Aggregated endpoint is slower than expected
Opening the CoV-Spectrum landing page, the website sends 19 requests to the /sample/aggregated endpoint. In all cases, the client has to wait >100ms for the server response, sometimes even over 700ms. According to @Taepper, SILO should only require a few ms.
What is causing the delay? Is it the proxying through the two servers? Is it LAPIS?
(My ping to lapis.cov-spectrum.org is 33ms.)
Dev console screenshots
Request IDs:
- ff985605-1a26-4670-8aa7-2f04ca868d17 (790ms)
- 55a8cc02-fafe-4541-8e1b-609622f41402 (600ms)
- 5a5b4c0f-9f15-4cab-b921-be5c68b7d812 (125ms)
What we found so far:
- We need to save the server logs to file (we could not find your request IDs in the docker logs) #692
- SILO takes around a few ms to answer the call from LAPIS (taken from the LAPIS logs)
- LAPIS internally takes also only a few ms (taken from the LAPIS logs)
- The measurement starts only, when the request reaches our code and leaves it again. We dont know how long spring takes.
Next possible steps:
- check request on test server
- look into nginx logs
- check whether we find the same timing of the requests
- reintroduce dateToSortBy
- already started preprocessing on testserver
- if it works add this to the config of production
The reintroduce dateToSortBy would only lower the load of the server, SILO is running on.

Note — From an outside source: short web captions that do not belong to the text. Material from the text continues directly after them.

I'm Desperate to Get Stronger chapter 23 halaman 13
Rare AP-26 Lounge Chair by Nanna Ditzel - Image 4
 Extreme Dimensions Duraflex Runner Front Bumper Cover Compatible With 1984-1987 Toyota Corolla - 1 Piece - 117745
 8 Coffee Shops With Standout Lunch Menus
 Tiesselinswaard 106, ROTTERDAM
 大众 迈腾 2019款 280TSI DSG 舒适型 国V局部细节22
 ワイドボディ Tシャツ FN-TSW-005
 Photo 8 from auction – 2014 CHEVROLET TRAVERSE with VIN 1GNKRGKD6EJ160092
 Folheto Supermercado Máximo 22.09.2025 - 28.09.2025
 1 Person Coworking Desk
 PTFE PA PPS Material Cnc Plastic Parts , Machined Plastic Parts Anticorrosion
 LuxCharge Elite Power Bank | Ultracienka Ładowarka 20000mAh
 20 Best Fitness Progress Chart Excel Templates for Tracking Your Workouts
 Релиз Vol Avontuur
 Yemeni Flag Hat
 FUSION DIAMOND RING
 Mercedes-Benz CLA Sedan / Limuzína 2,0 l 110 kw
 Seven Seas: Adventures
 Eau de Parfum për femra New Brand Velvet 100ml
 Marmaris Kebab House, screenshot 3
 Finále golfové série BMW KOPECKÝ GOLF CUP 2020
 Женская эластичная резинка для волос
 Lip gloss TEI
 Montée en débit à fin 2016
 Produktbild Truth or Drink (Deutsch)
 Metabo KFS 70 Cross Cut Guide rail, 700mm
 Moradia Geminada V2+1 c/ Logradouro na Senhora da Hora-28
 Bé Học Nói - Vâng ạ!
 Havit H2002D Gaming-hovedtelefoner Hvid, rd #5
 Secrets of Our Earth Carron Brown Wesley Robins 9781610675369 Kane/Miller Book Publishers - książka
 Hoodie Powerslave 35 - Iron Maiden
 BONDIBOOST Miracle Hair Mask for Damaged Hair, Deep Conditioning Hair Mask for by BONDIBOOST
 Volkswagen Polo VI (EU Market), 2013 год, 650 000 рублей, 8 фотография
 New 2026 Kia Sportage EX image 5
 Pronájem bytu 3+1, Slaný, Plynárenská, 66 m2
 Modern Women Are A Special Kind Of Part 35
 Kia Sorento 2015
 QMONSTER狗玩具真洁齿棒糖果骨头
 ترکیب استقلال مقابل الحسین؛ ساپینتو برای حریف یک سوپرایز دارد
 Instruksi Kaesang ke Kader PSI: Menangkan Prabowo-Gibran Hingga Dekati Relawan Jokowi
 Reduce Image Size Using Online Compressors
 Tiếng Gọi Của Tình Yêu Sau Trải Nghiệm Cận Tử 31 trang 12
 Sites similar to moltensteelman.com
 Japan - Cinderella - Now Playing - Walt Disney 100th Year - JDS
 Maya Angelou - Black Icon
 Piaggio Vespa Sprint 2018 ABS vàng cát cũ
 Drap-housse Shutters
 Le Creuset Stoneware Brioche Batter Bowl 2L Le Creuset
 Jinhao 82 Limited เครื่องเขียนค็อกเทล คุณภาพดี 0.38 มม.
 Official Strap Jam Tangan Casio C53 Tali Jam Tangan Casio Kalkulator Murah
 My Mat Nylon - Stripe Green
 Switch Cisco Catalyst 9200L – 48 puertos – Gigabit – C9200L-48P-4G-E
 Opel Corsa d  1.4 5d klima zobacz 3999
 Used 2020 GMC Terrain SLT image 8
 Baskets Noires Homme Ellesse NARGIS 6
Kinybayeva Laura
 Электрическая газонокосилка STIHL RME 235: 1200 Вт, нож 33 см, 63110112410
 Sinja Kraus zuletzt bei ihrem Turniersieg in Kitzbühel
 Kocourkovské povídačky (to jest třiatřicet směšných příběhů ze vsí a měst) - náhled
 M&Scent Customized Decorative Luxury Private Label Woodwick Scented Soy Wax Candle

If this contention is possibly causing Spring to be slower this might be viable, but given that both LAPIS and SILO only take a few ms makes me wonder whether this would resolve the problem
I did a bit of timing: see https://github.com/GenSpectrum/LAPIS/issues/683#issuecomment-1978809282
Here is what I get for a quite simple aggregated request. Note that the times for the server are actually in seconds and not milliseconds.
It shows that in this example, Nginx had to wait 210ms "between establishing a connection to an upstream server [LAPIS] and receiving the first byte of the response header"
(The difference between "waiting for server response" and the values from the server timing API is, I believe, well explained by the RTT between my laptop and the server.)
A request to retrieve cached (amino acid mutations) results is much faster:
After activating the cache for aggregated queries in #695, the response time, when I directly connect to the s0 server, dropped down to basically the RTT:
If we connect to the web server/lapis.cov-spectrum.org, it needs 70-80ms longer:
For this ticket, the remaining task is to find out why the aggregated endpoint, when uncached, needs a few hundred ms if SILO+"our LAPIS code" only need a few ms.